Goal of the exercise:
The lines to output run from the first line of the entries below through the line containing "appartement 4 pièces 127 m²"; copy them exactly and leave out pictures.

----- Records -----

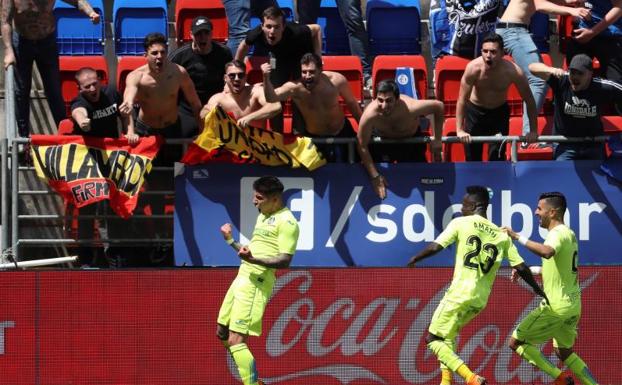 Los jugadores del Getafe celebran el gol de Mathías Olivera.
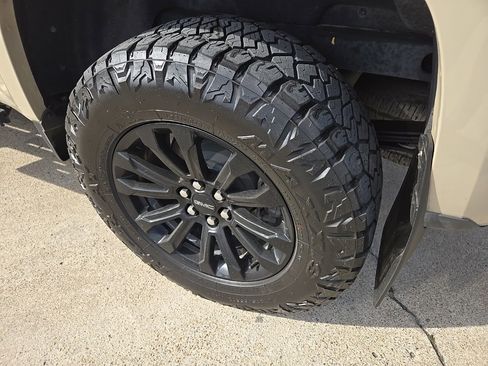 Used 2022 GMC Canyon Elevation image 41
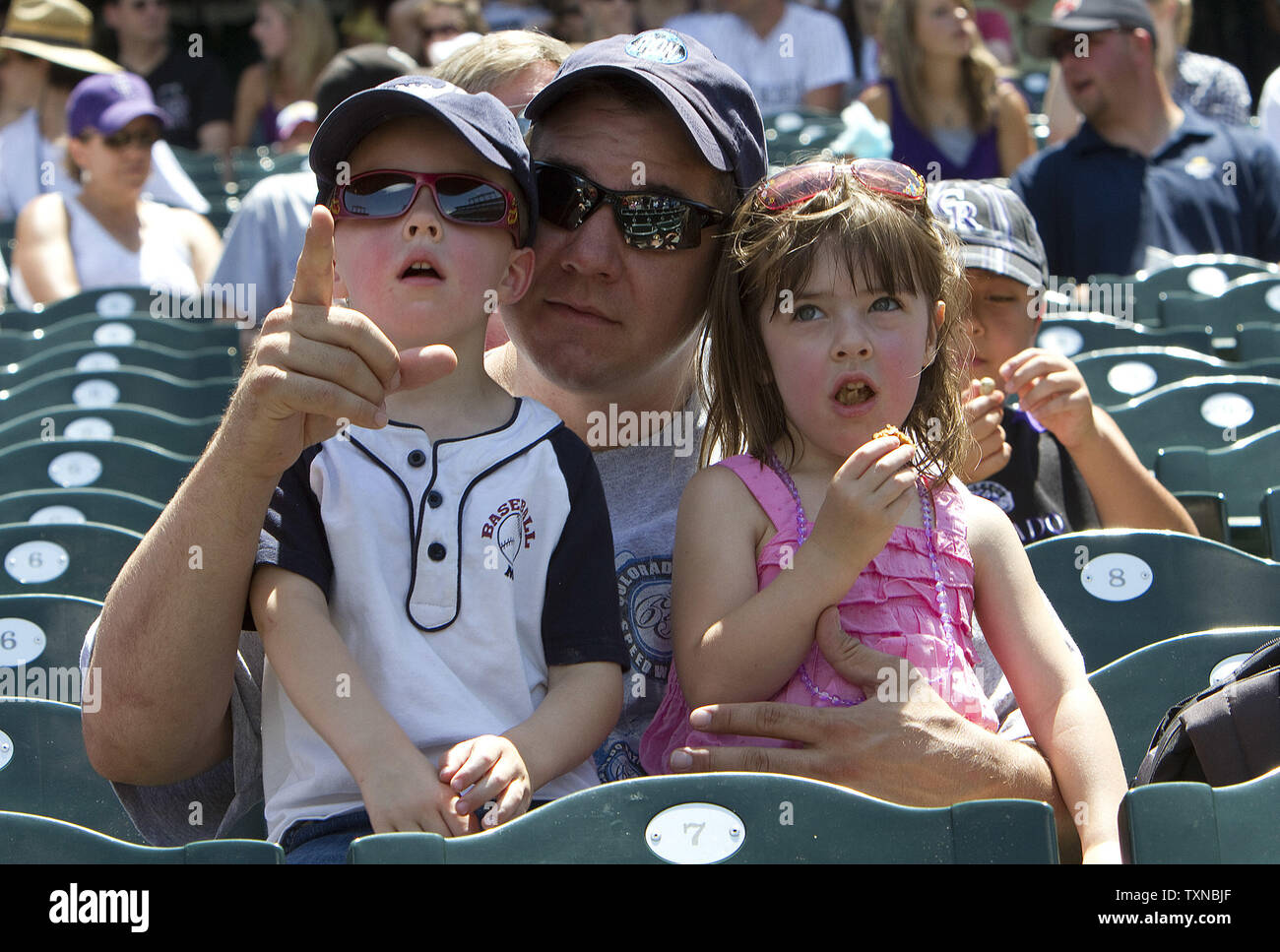 Stu Whitesell gode la Festa del Papà con i suoi due bambini Hayden,3, e Madison, 3, come il Colorado Rockies ospitano il Milwaukee Brewers a Coors Field su Giugno 20, 2010 a Denver. UPI/Gary Caskey C. Foto Stock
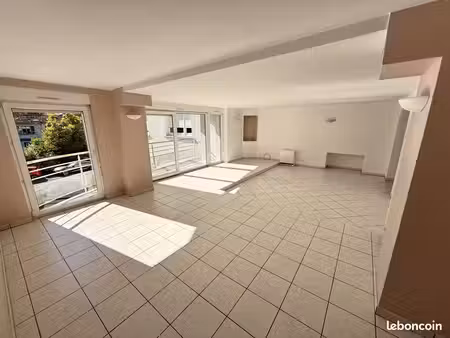 appartement 4 pièces 127 m²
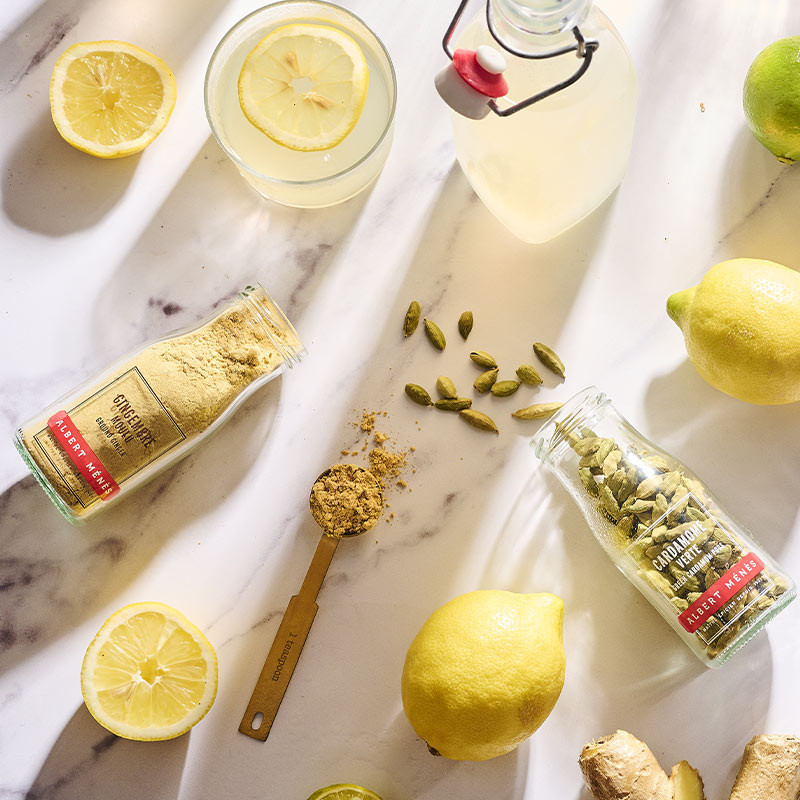 Cardamome verte infusée dans boisson fraiche été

-----

Problem solution:
 Los jugadores del Getafe celebran el gol de Mathías Olivera.
 Used 2022 GMC Canyon Elevation image 41
 Stu Whitesell gode la Festa del Papà con i suoi due bambini Hayden,3, e Madison, 3, come il Colorado Rockies ospitano il Milwaukee Brewers a Coors Field su Giugno 20, 2010 a Denver. UPI/Gary Caskey C. Foto Stock
 appartement 4 pièces 127 m²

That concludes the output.